The art lover and caretaker of the Sebaldus Church in Nuremberg , Sebald Schreyer, a friend of Albrecht Dürer and Adam Kraft , donated to the small monastery in Riedfeld a (no longer existing) Marien altar, ritual weaving and a valuable one for the Kloster 1492 illustrated (no longer existing) manuscript ( The Life and Canonization of St. Bonaventure ). The Würzburg canon and humanist Erasmus Neustetter called Stürmer also gave the monastery a book.

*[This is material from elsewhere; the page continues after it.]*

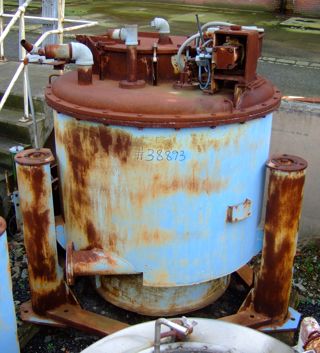 Stainless Steel 316 Robatel DTS-1250-K2 Auto Discharge-Bottom Centrifuge-Basket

The Franciscans, who also had a small school, worked as pastors in Riedfeld, Diebach and Hanbach , and after 1490 in Diespeck as a substitute , and church life experienced an upswing. From 1477 a priest can be proven as a boy teacher. Additional donations to the above (including from the convent in Nuremberg with the study house of the Order Province located there) and acquisitions resulted in a considerable monastery library. Ten brothers belonged to the convent in the 1480s, some of whom were active in scientific and literary work. On August 22, 1484, the St. Wolfgang monastery church, now completely completed with five altars, was consecrated by the Würzburg auxiliary bishop in charge .

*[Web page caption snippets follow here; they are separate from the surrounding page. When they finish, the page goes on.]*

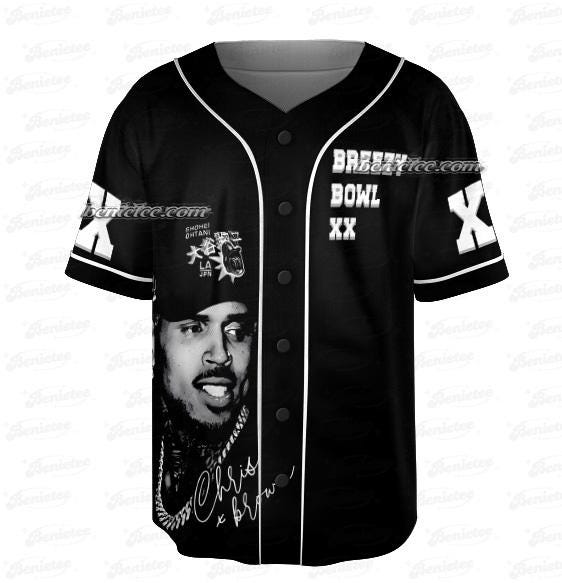 Chris Brown Album Baseball Jersey baseball jersey product view 1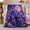Crystal Spider, variant on Cosmic decorative motif Crystal Rock Nebula Fantasy, Festive autumn celebration Scene, Warm Flannel Blanket for Living Room and Family Room, Art Lovers autumn celebration Gift, Festive Home Decor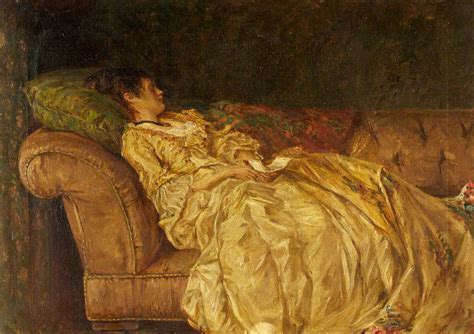 Woman Reclining On Couch Art Uk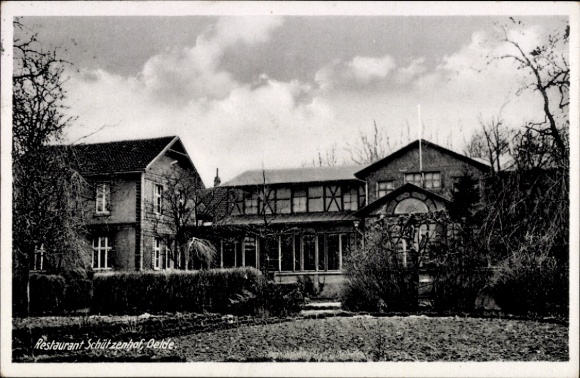 Ak Oelde in Münsterland, Restaurant Schützenhof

During the uprisings in the Peasants' War in 1525, when over 3,000 insurgents had their headquarters in Neustadt, plundered, murdered and pillaged, the Franciscan monastery in Riedfeld was also attacked (according to the Julian calendar) on May 16 and taken out by Captain Koberer, a miller acting as a peasant leader Langenzenn , burned down with an army of Gutenstetten farmers who had been in Neustadt since May 8th. Only remnants of the convent building remained (this was demolished in 1584, while the surrounding wall was added again), but the monastery church was preserved and was renovated again in 1584. The brothers escaped with church utensils, relics and part of the monastery library and probably fled to Bamberg and Würzburg as early as May 15. The library later formed the basis for the important Neustadt church library .

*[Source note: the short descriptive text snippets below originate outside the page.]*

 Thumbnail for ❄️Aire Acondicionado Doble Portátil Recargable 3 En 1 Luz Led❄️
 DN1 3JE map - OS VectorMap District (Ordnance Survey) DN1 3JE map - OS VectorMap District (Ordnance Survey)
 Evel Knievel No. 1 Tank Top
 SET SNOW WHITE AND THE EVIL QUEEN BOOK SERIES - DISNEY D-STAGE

The order finally gave up the St. Wolfgang monastery in 1528 and it was secularized in 1529. In 1533 a new church order was introduced as a result of the Reformation . In the town church and the hospital church , the castle chapel , the cemetery chapel and in St. Michaels- Kärnter , numerous books ( missals , custom books and sermon instructions ) were no longer needed; they were sorted out over the sacristy of the monastery with other "bulky goods", some ended up in today's Neustadt church library. The destroyed buildings were not rebuilt. Only the choir of the church is preserved. In 1584, the town , which had become Lutheran , laid out a new cemetery on the church square, which was expanded and modified to accommodate the burial of Neustadt residents. The choir received a newly built nave in 1725 and is now used as a Protestant cemetery church, formerly also known as “Klösterlein” and “Käppala” or “Käppella”. The land that belonged to the monastery fell to the margravial offices of Neustadt and Birkenfeld.

See also

literature

  • Max Döllner : Development history of the city of Neustadt an der Aisch up to 1933. Ph. CW Schmidt, Neustadt an der Aisch 1950; Reprinted ibid 1978, pp. 94–97, 101 f., 183 and more often.

Web links

Remarks

  1. Max Döllner (1950), p. 91 f.
  2. Around 1273 a parish church in Riedfeld, which had been destroyed by robbery aristocrats from the area, was rebuilt. See Max Döllner (1950), p. 26 f.
  3. ^ Max Döllner: History of the development of the city of Neustadt an der Aisch until 1933. Ph. CW Schmidt, Neustadt an der Aisch 1950; Reprinted ibid 1978, pp. 80 and 708.
  4. Max Döllner (1950), pp. 42 and 95.
  5. Max Döllner (1950), pp. 94-96
  6. ^ House of Bavarian History, Monasteries in Bavaria
  7. Max Döllner (1950), pp. 96 and 674.
  8. Max Döllner (1950), pp. 94 and 97.
  9. Max Döllner (1950), p. 674.
  10. Max Döllner (1950), pp. 95 and 674 f.
    House of Bavarian History, monasteries in Bavaria
  11. Max Döllner (1950), pp. 63 f., 96 f. and 215 f.
  12. Max Döllner (1950), p. 715.
  13. Max Döllner (1950), p. 676.
  14. Max Döllner (1950), pp. 80, 216, 522 and XXII (photography of the Gottesackerkirche).